En ese sentido, se remarcó que la economía funciona de manera “circular” y que la pérdida de puestos de trabajo repercute directamente en el comercio local. “Aquel que se queda sin laburo no va a ir a cortarse el pelo a la peluquería del barrio, no va a comprar en el almacén del barrio, no va a comprar en el supermercado. Cuando se pierden puestos de trabajo, pierde toda la comunidad”, afirmó.
Durante las intervenciones también se cuestionaron los fundamentos del proyecto en relación con la informalidad laboral. Según se expuso, la reforma no ofrecería soluciones concretas para el 44 por ciento de trabajadores que actualmente se desempeñan en la economía informal en Argentina. “Es mentira que esta reforma va a resolver ese problema. No han explicado cómo esas personas van a recuperar la formalidad”, señalaron.
Otro de los puntos criticados fue la modificación en la jornada laboral. “En el mundo se discute bajar las horas de trabajo y acá se pretende aumentarlas”, advirtieron desde el escenario, en referencia a los cambios que plantea la normativa en debate.
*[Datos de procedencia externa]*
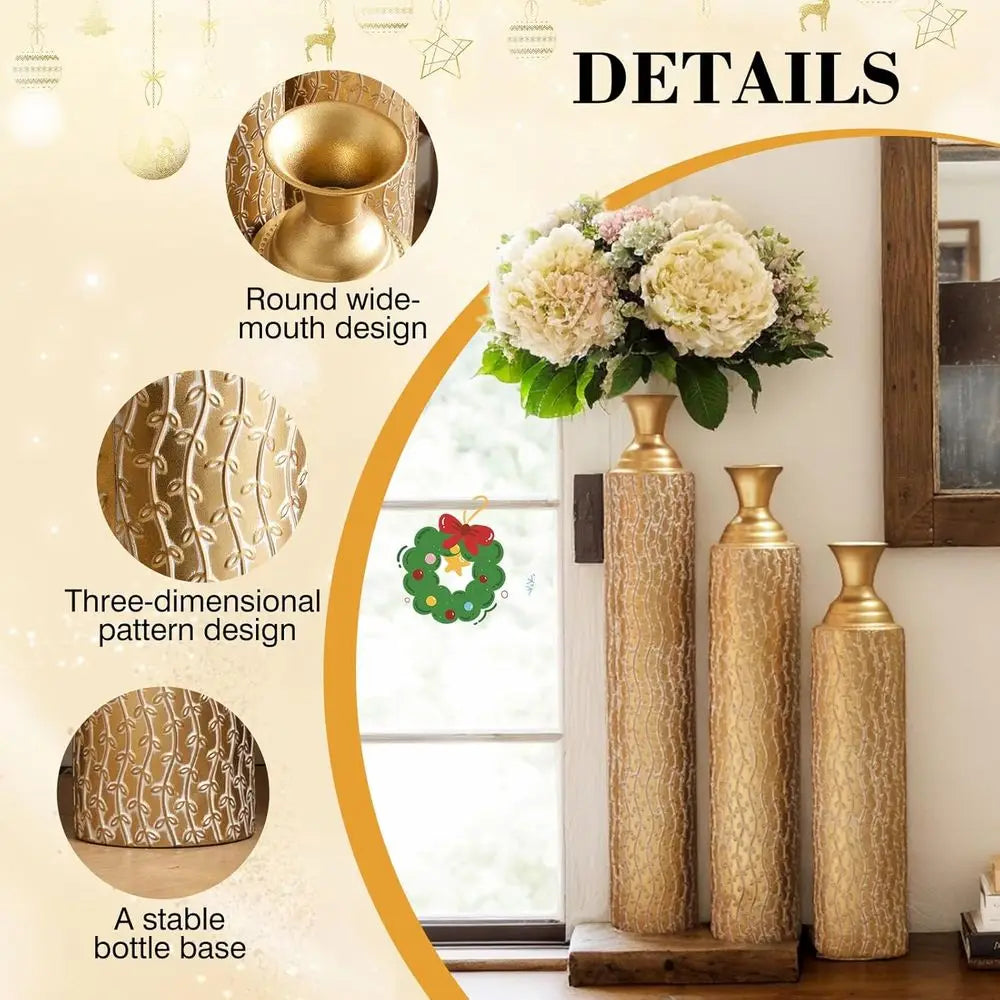 Decorative Tall Metal Floor Vases Set of 3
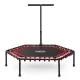 Neo-Sport Fitness Trampoline with Handle, 127 cm, Hexagonal, Red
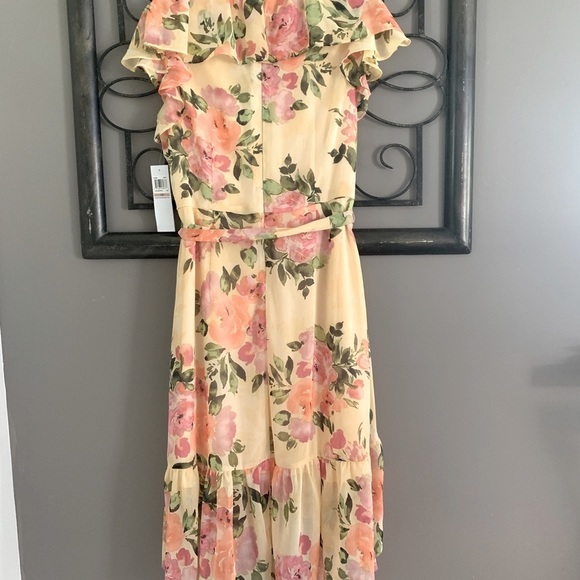 LONDON Times Cold Shoulder Ruffle Midi Dress Size 12P NWT - Picture 5 of 10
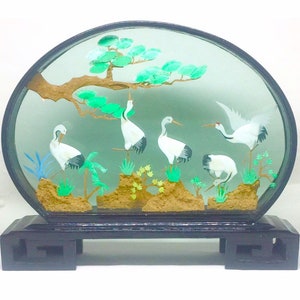 Escultura de corcho de diorama 3D de laca negra china japonesa MCM vintage / Grúas de bambú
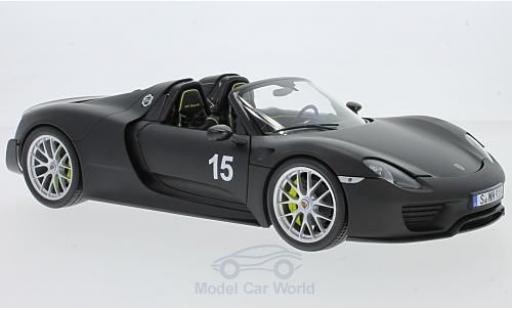 Diecast model cars Porsche 918 Weissach Package Spyder matt-black 2015 - 1/18 Minichamps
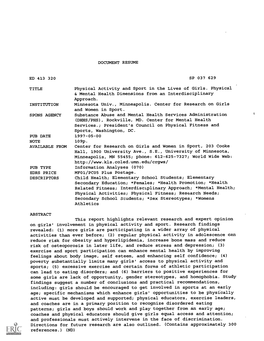 DOCUMENT RESUME SP 037 629 Physical Activity and Sport in The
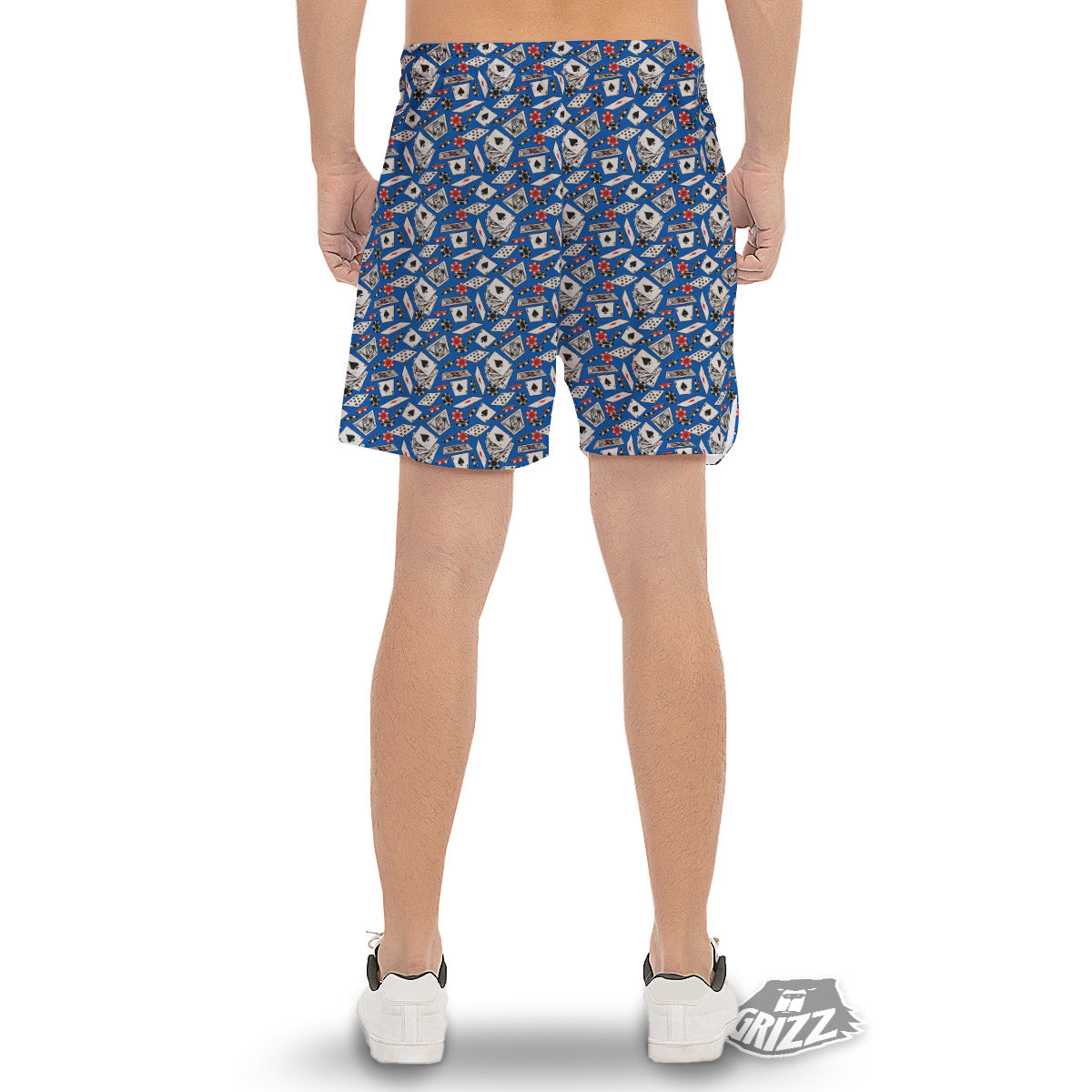 Card And Casino Chip Print Pattern Men's Gym Shorts-grizzshop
En el plano político, hubo fuertes críticas hacia dirigentes provinciales y nacionales. Se mencionó al actual gobernador Alberto Weretilneck, a quien se acusó de mantener negociaciones con el gobierno nacional encabezado por Javier Milei. “Hay cómplices en esta provincia que acompañan esta reforma. No nos olvidemos esas caras”, afirmó una de las oradoras, en un tramo del discurso que generó aplausos y cánticos entre los manifestantes.
Asimismo, se cuestionó la ausencia de autoridades locales en la movilización, entre ellas concejales y el propio intendente. “Sepan que la gente que se queda sin trabajo les va a ir a golpear la puerta. Cada uno seremos cinco, seis, siete, pero va a haber alguien gritando en defensa de cada derecho que se quiera quitar al pueblo trabajador”, advirtieron.
La jornada transcurrió sin incidentes y concluyó con una convocatoria a continuar las acciones de protesta en caso de que el proyecto avance en el Congreso. Desde los sindicatos adelantaron que se mantendrán en estado de alerta y movilización, y que seguirán articulando con otras organizaciones a nivel provincial.
La movilización en San Antonio Oeste reflejó el clima de tensión que atraviesa distintos sectores frente al debate por la Reforma Laboral. Mientras el Gobierno nacional sostiene que las modificaciones buscan dinamizar el empleo y fomentar la inversión, los gremios y parte de la oposición advierten que se trata de una pérdida de derechos conquistados.